*** Input
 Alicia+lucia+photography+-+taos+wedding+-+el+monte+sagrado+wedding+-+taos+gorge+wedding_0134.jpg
******
*** Input
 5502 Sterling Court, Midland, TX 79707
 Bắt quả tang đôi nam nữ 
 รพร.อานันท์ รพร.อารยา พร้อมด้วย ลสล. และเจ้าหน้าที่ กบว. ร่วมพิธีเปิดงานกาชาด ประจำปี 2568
******
[Task instructions] Taking the line with "5502 Sterling Court, Midland, TX 79707" as the first and the line with "รพร.อานันท์ รพร.อารยา พร้อมด้วย" as the last, retype that stretch of the data above exactly, with no other lines.

[Output]
 5502 Sterling Court, Midland, TX 79707
 Bắt quả tang đôi nam nữ 
 รพร.อานันท์ รพร.อารยา พร้อมด้วย ลสล. และเจ้าหน้าที่ กบว. ร่วมพิธีเปิดงานกาชาด ประจำปี 2568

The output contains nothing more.